• [TO DO] Reproduce exactly the entries from the "Site Builder Icons" line to the end. Skip all pictures.

START RECORDS

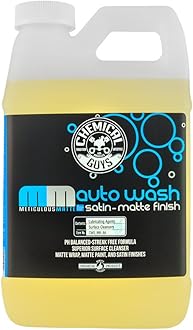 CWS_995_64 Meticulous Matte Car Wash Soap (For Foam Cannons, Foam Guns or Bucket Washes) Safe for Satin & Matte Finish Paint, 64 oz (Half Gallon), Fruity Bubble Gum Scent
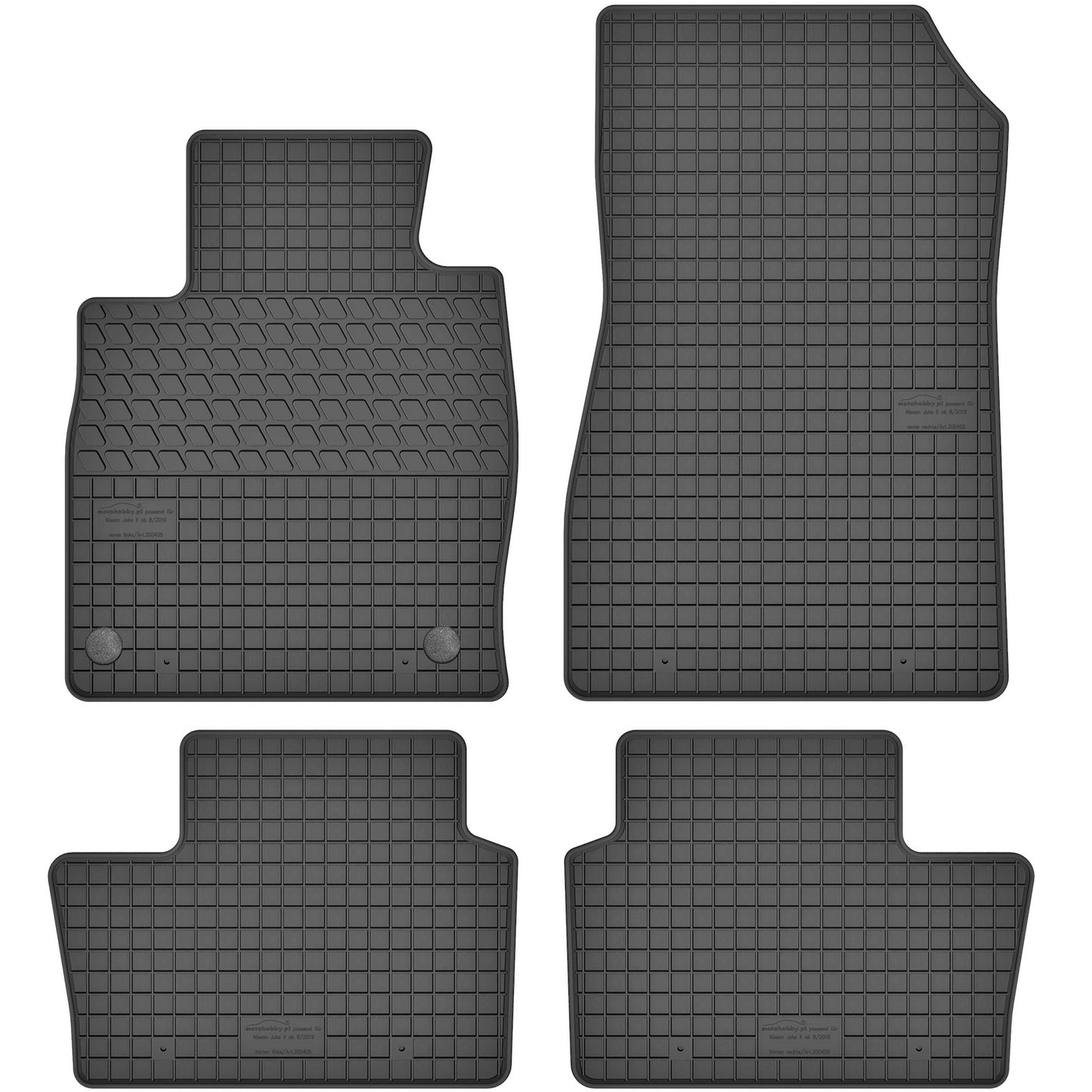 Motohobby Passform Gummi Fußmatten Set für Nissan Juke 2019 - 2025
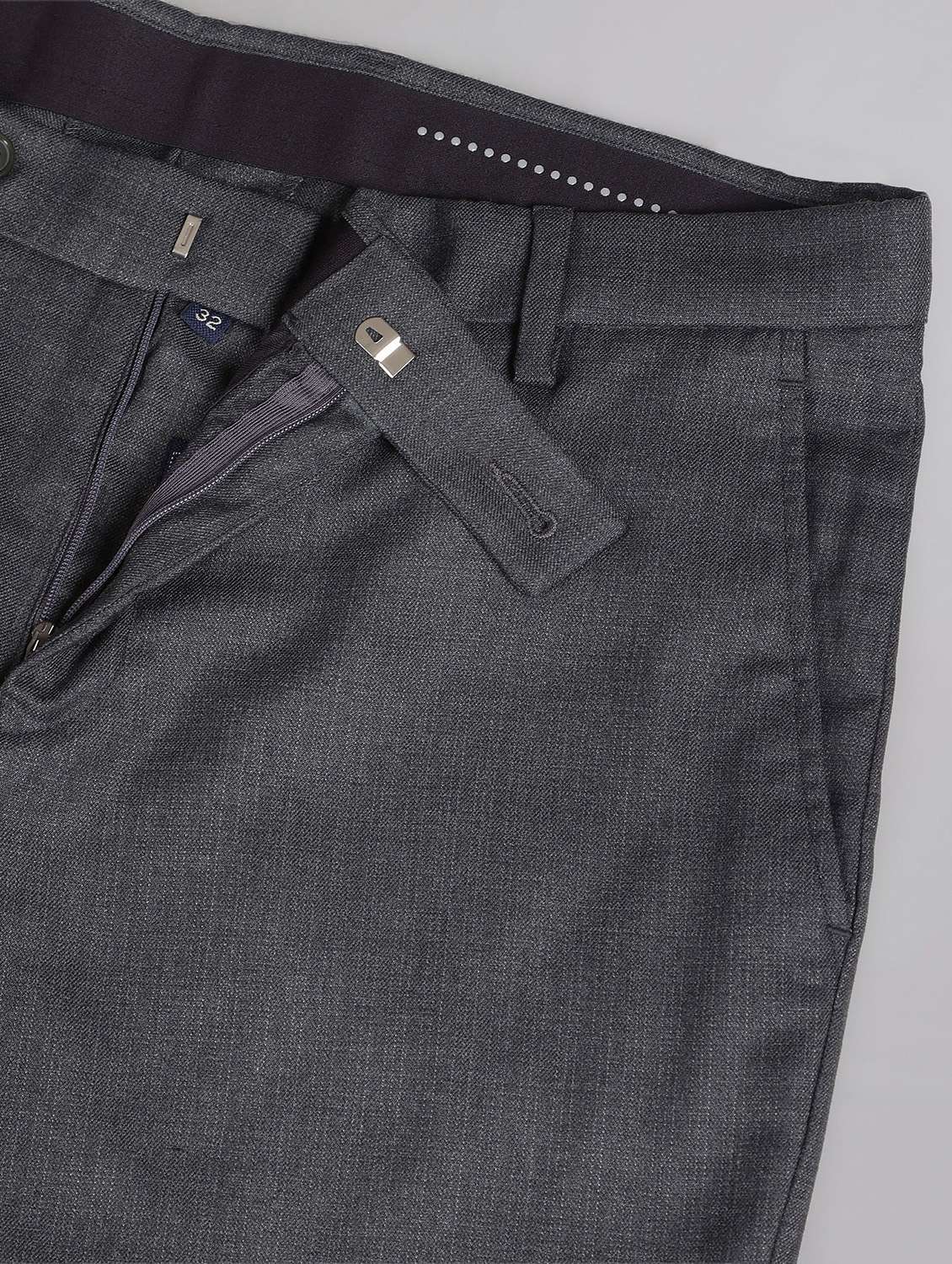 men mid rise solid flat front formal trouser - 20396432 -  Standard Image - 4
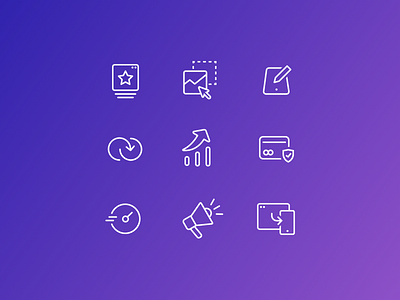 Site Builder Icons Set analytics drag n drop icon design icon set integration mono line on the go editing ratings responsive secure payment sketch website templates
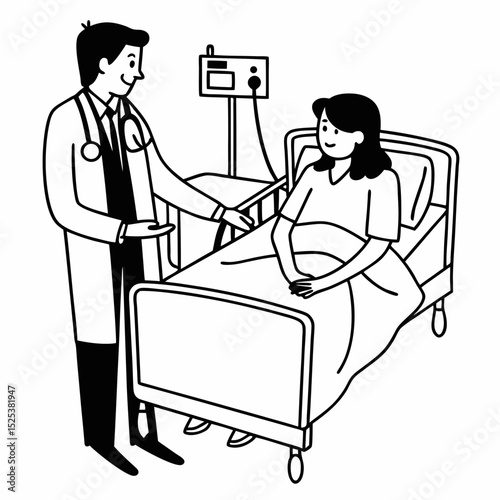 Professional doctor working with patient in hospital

END RECORDS

• [EXPECTED OUTPUT]
 Site Builder Icons Set analytics drag n drop icon design icon set integration mono line on the go editing ratings responsive secure payment sketch website templates
 Professional doctor working with patient in hospital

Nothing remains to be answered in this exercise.